2) It annoys the annoying one-space peevers.
Terry Hunt said,
March 6, 2018 @ 9:19 am
Neil Golfarb links to a blog post by Thomas A. Fine, which in turn links to and criticises a blog post by Heiko Spallek. As a former editor with some training in traditional typography, I disagree with Fine's criticism: I think he has misunderstood (or deliberately distorted) Spallek's argument.
Fine counter-argues on the basis of the linear distances between the adjacent extremes of letters, but Spallek is clearly discussing not these distances, but the white spaces or areas between them. It is these areas which the reader's eye perceives, and they vary according to the shapes of the particular characters involved, which is why in large display fonts (for example, newspaper headlines), inter-letter spaces have to be individually adjusted or 'kerned' so that the areas of white space between each pair of letters is, as far as possible, equal.
As Spallek describes, the non-proportional or monospace fonts created by mechanical and earlier electric typewriters were forced to allot the same width of paper to each character, so in monospace thin characters (like "i"), necessarily had more white space to either side than, say, "M". Monospace typefaces like Courier tried to mitigate this by, for example, increasing the width of serifs on narrow letters, but could only do so much.

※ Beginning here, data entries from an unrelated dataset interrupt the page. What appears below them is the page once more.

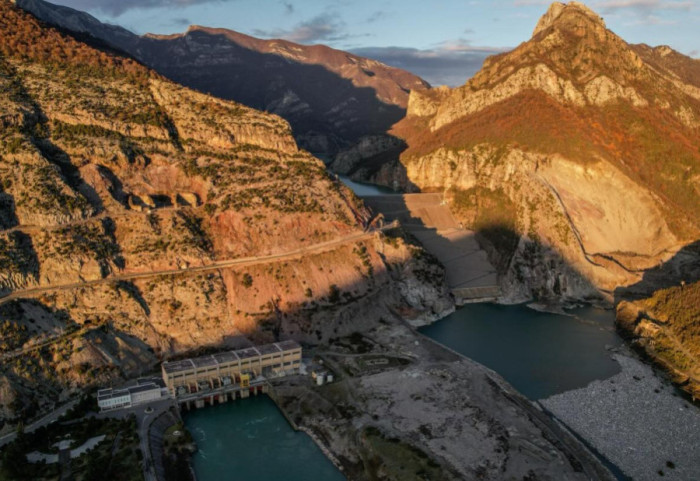 KESH përditëson të dhënat për kaskadën e Drinit, ja prurjet në HEC-e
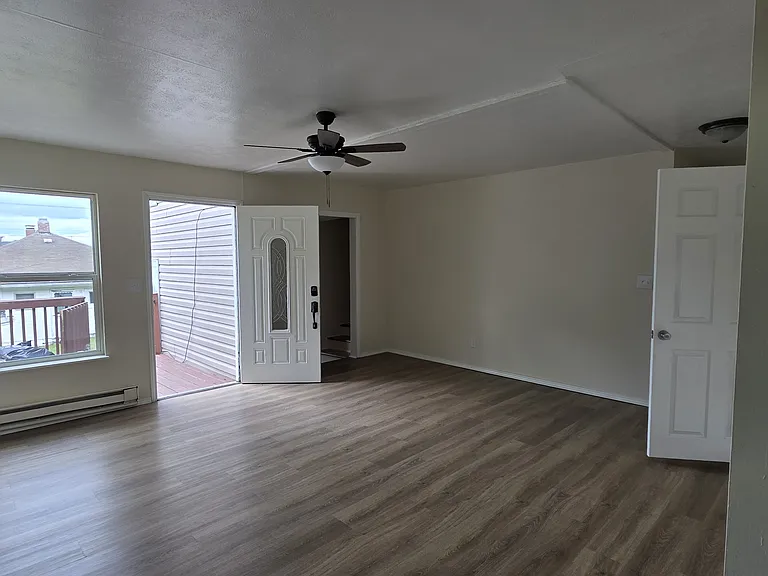 555 1/2 Canterbury Dr — Photo 6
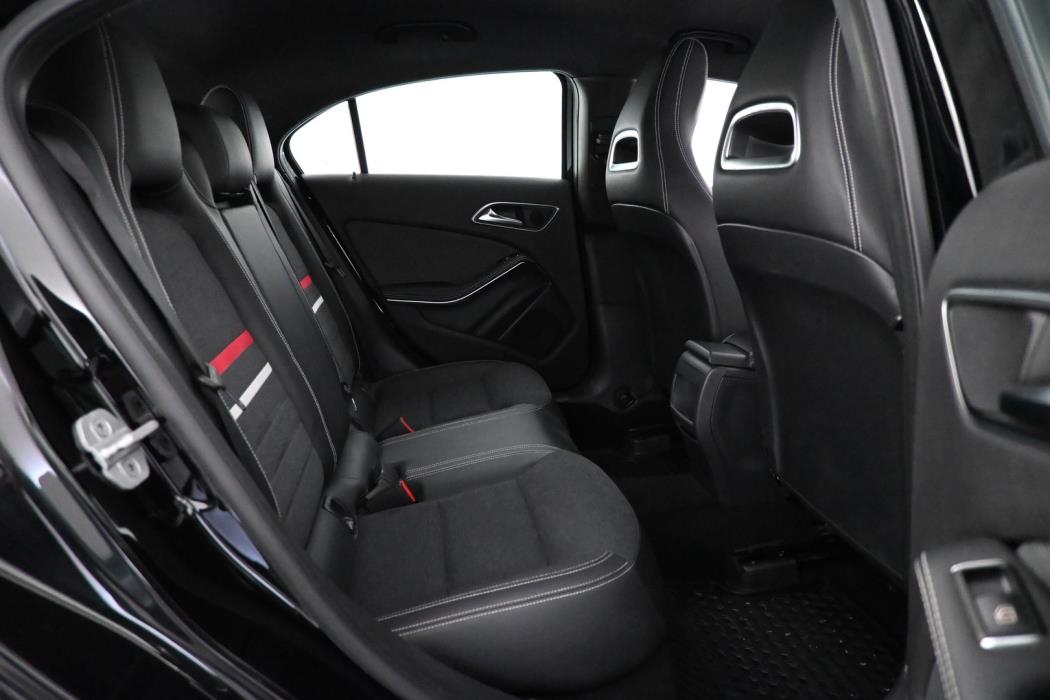 MERCEDES-BENZ A 2013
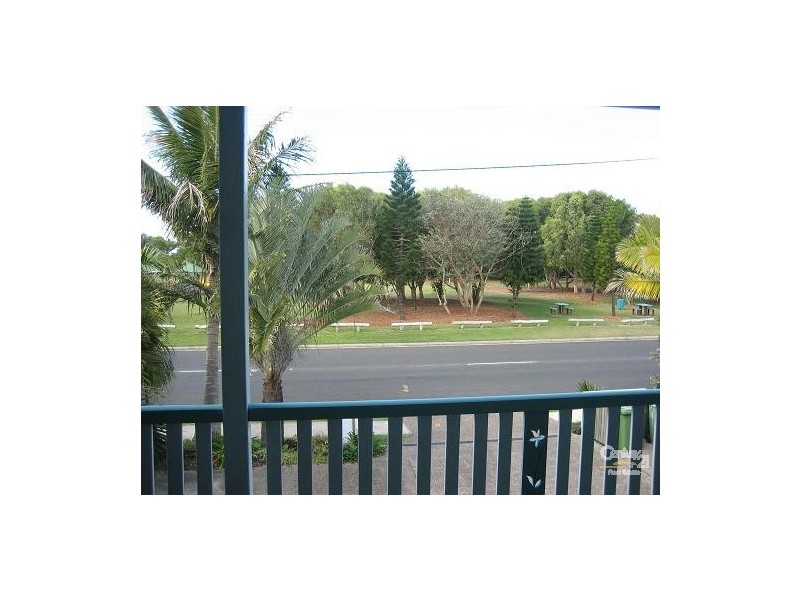1 / 9 Mudjimba Esplanade, Mudjimba QLD 4564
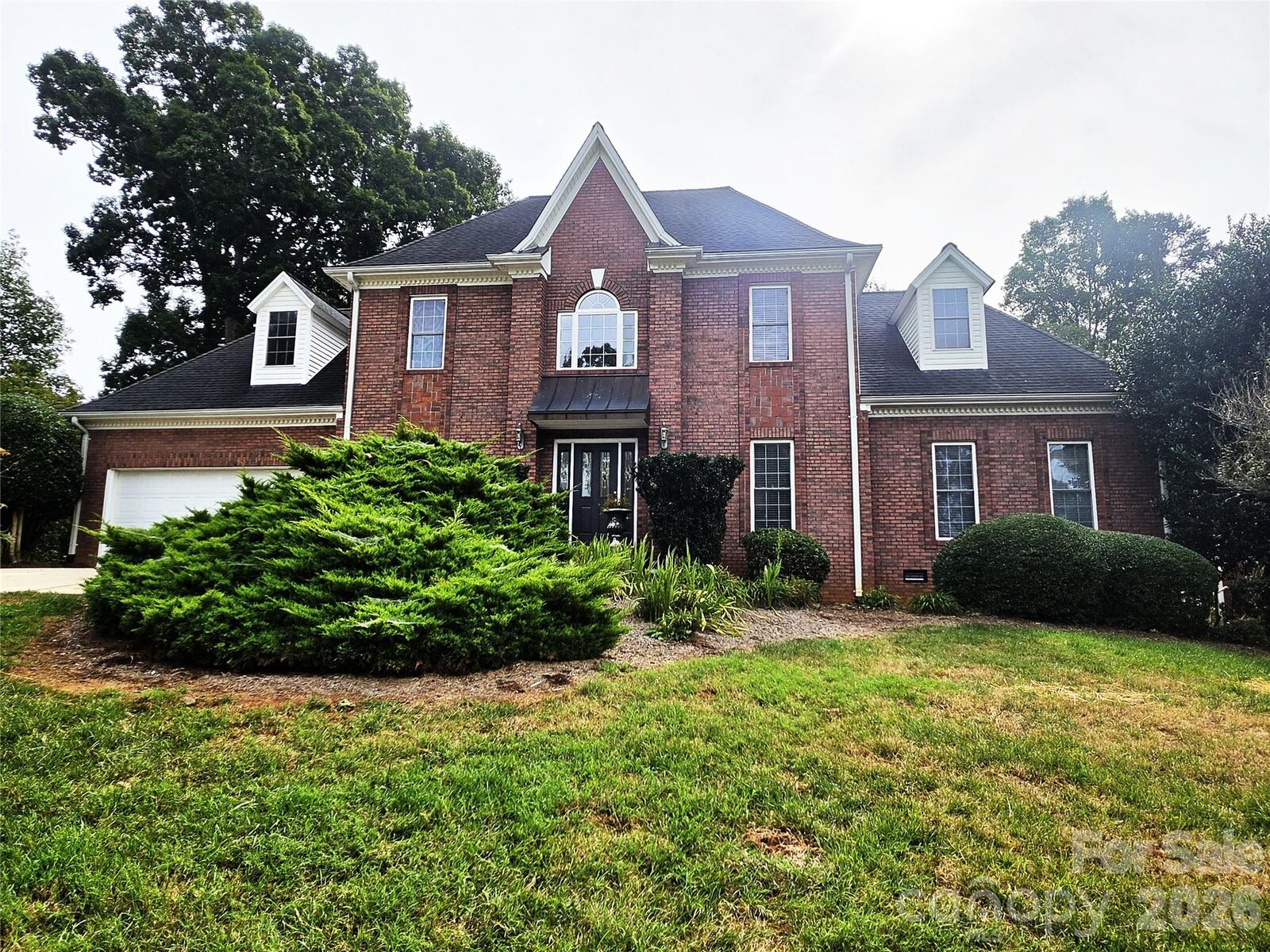 Property Photo:  408 5th Avenue NE  NC 28613 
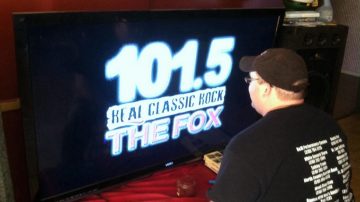 WATCH: Elvira Showing Off Her Pumpkins In October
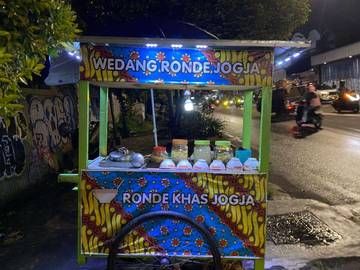 Nikmatnya Wedang Ronde Buatan Yudo Miliki Pelanggan Setia 
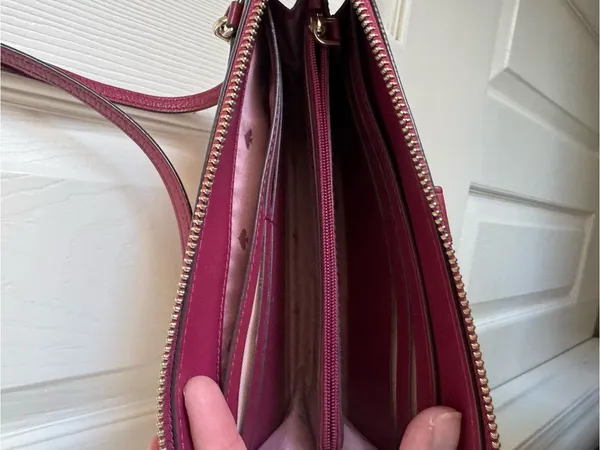 Kate Spade Small Crossbody Bag/Wallet - Image 5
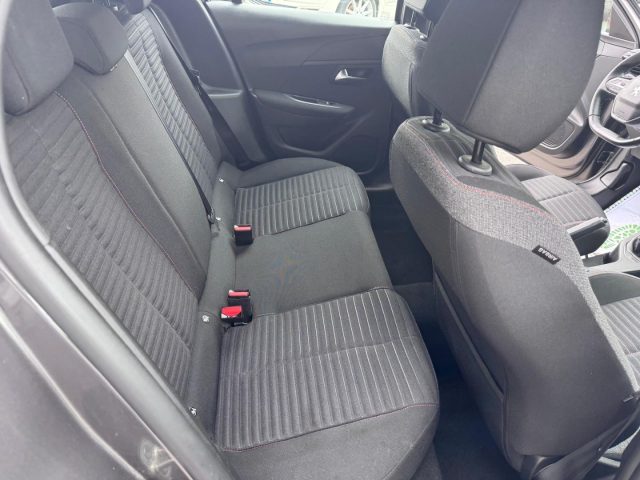 PEUGEOT 208 usata, con Sedile posteriore sdoppiato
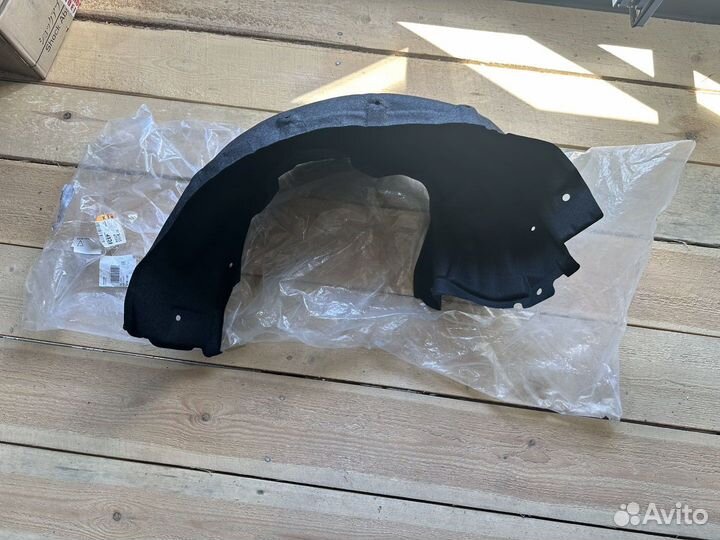 Подкрылок задний левый Toyota Corolla E150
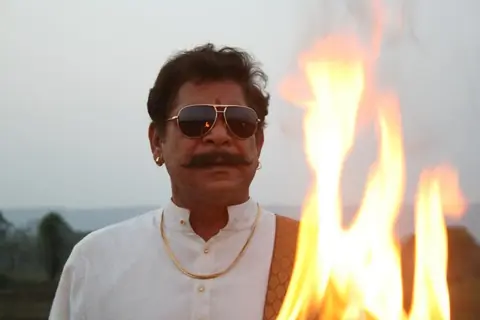 Mohan Joshi as Thakur Gajaraj Singh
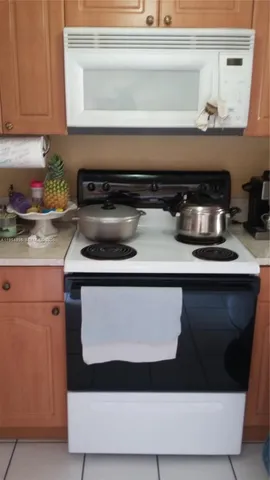 a close view of kitchen stove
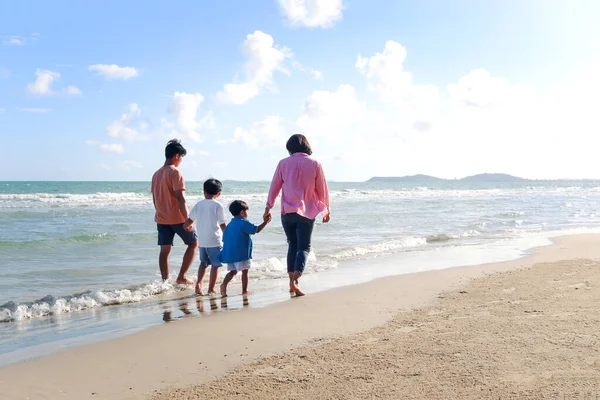 Familia Feliz Cuatro Pasar Tiempo Juntos Vacaciones Verano Padres Hijos — Foto de Stock
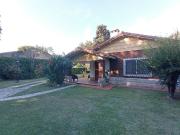 Venta de espectacular Casa 4 ambientes en La Plata City Bell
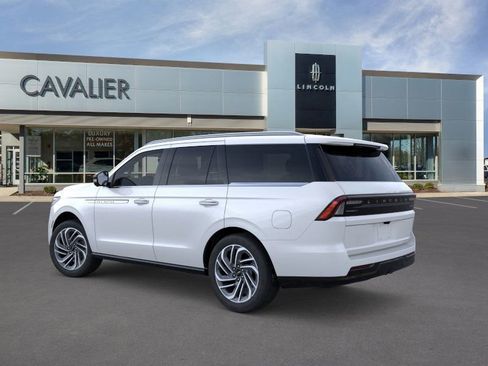 New 2026 Lincoln Navigator Reserve image 4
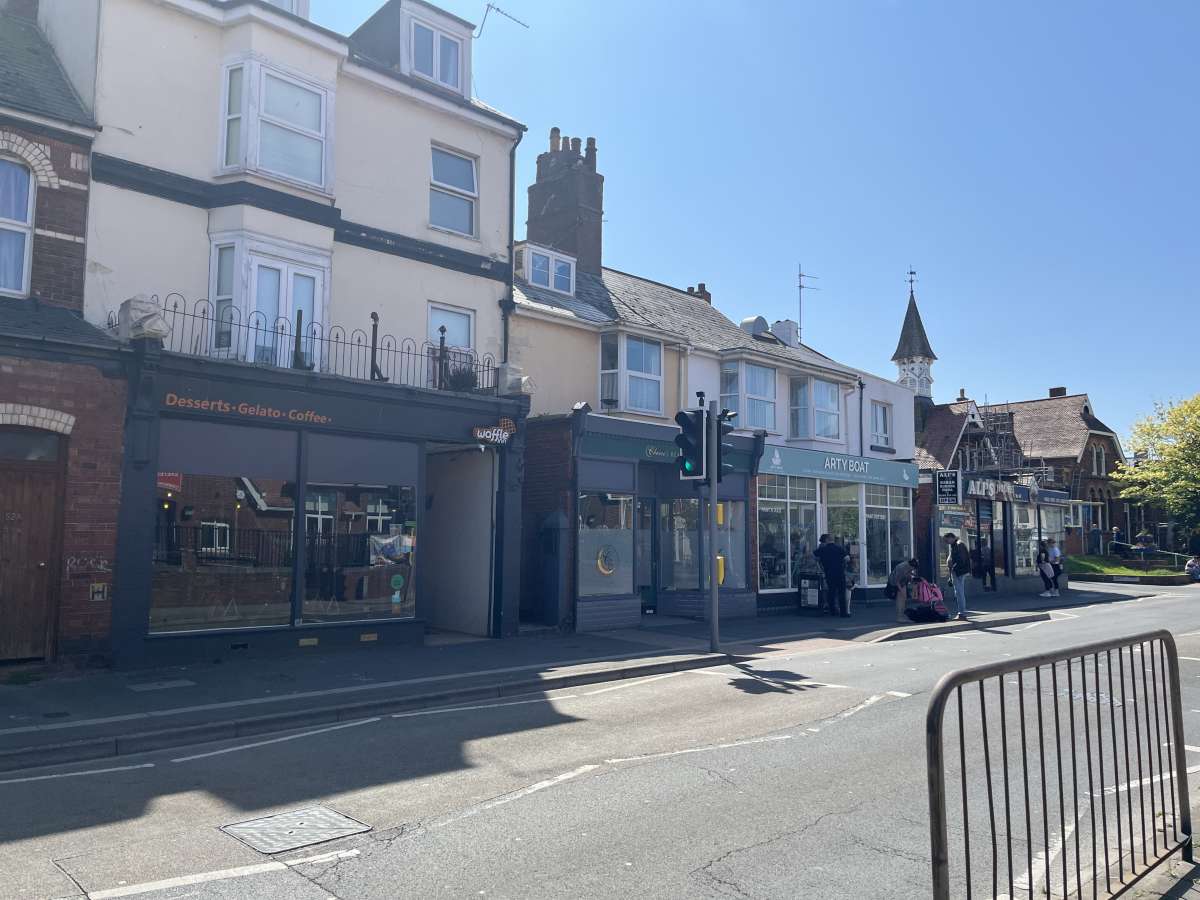 Retail/Shop in Exmouth - photo 2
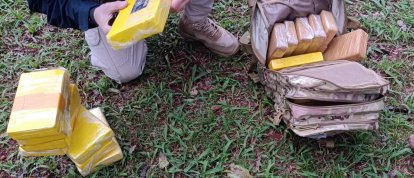 Motorista foge de fiscalização, bate em carros parados e acaba preso com quase 25 quilos de cocaína em Chapecó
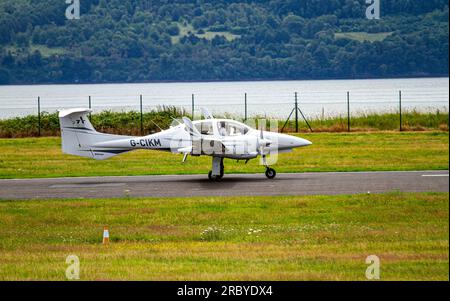 G-CIKM Diamond DA-42 Twin Star décollage de l'aéroport de Dundee Riverside, Écosse Banque D'Images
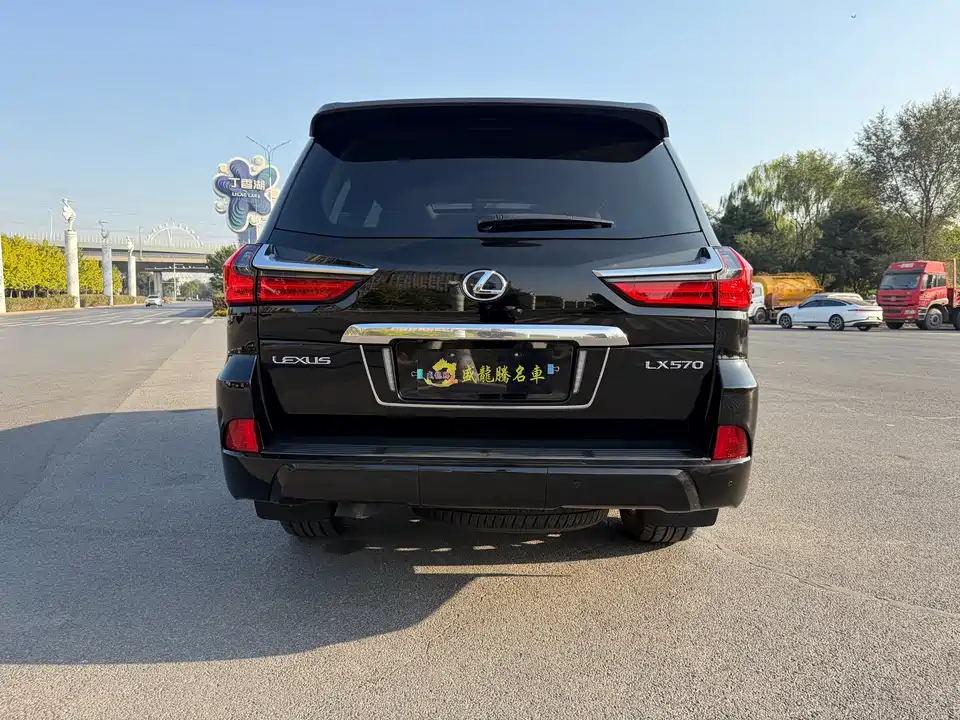 Lexus LX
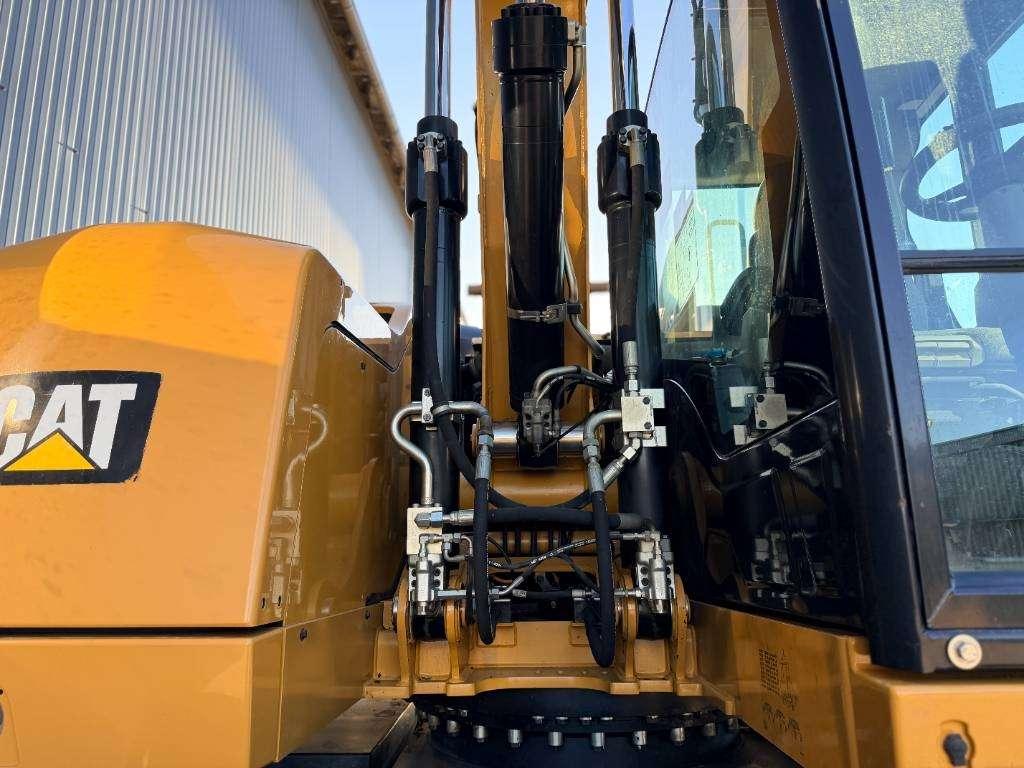 Caterpillar M315F Photo 30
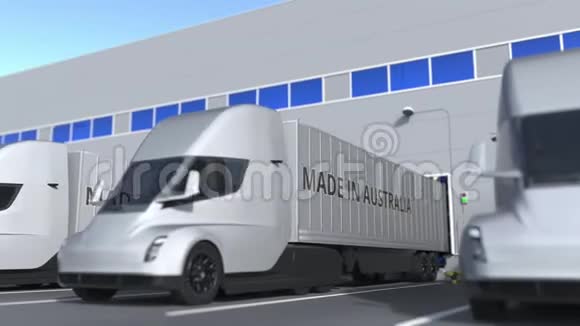 拖车卡车与汽车在澳大利亚文本装载或卸载在仓库与澳大利亚商业有关的循环视频的预览图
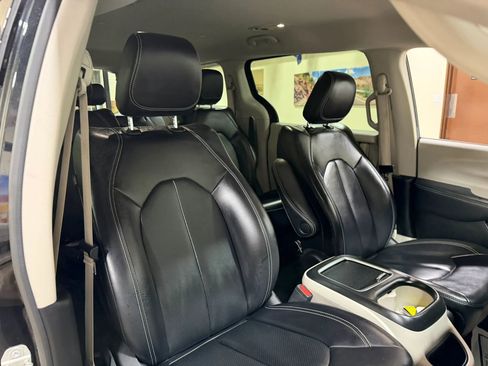 Used 2023 Chrysler Pacifica Touring-L FWD image 42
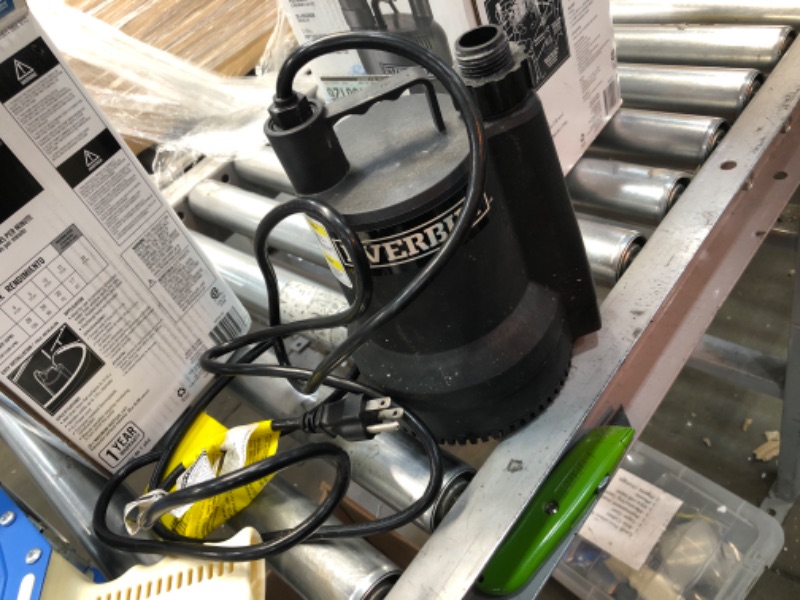 Photo 2 of 1/6 HP Plastic Submersible Utility Pump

Typing manuals and courses, such as those I used in the 1970s and took in the 1990s, therefore mandated two monospace spaces after a closing stop to increase the contrast with inter-word spaces and hence reduce readers' unconscious tripping over the latter. In RSA typing examinations, one would lose a mark for each instance of not using this double space (and losing more than 2 marks from the entire exam would eliminate one from the top "with distinction" slot). Their use was also preferred by publishers for typed manuscripts, as it made typesetters' work easier.
Proportional fonts as even then used in book printing and now in computer applications can use proportionally spaced fonts and various non-unitary spaces which eliminate much of the problem (which can also be exacerbated by the effects of full justification), as Michael D. Sullivan explains in more detail above. I too, like Goldfarb, have long since adapted to single post-stop spaces, but I wish he had not relied on what I regard as Fine's flawed analysis.
Jerry Friedman said,
March 6, 2018 @ 9:36 am
rosie: One-spacers aren't bragging that their way is better than the two-space way. They're countering two-space prescriptivism by saying that the two-space rule is a zombie rule.
See the Wikipedia article Sentence Spacing. The best quotation is, "Ilene Strizver, founder of the Type Studio, says, 'Forget about tolerating differences of opinion: typographically speaking, typing two spaces before the start of a new sentence is absolutely, unequivocally wrong.'"
Troy S. said,
March 6, 2018 @ 10:05 am
Psh, a man of letters would know it's "rhinocerots" or "rhinocerotes."
"And the Unicornes [or: Rhoncerots] shall come downe with them, and the bullockes with the bulles, and their land shall be soaked with blood, and their dust made fat with fatnesse."
Isaiah 34:7, King James Bible
"Beyond that Country of Birds, is another wilde and mountainous, where abide many creatures much worse than those Birds, Elephants, Rhinocerotes, Lions, Wild-swine, Buffals, and Wild-kine."
-Samuel Purchas
"Don Surly, to aspire the glorious name
Of a great man, and to be thought the same,
Makes serious use of all great trade he know.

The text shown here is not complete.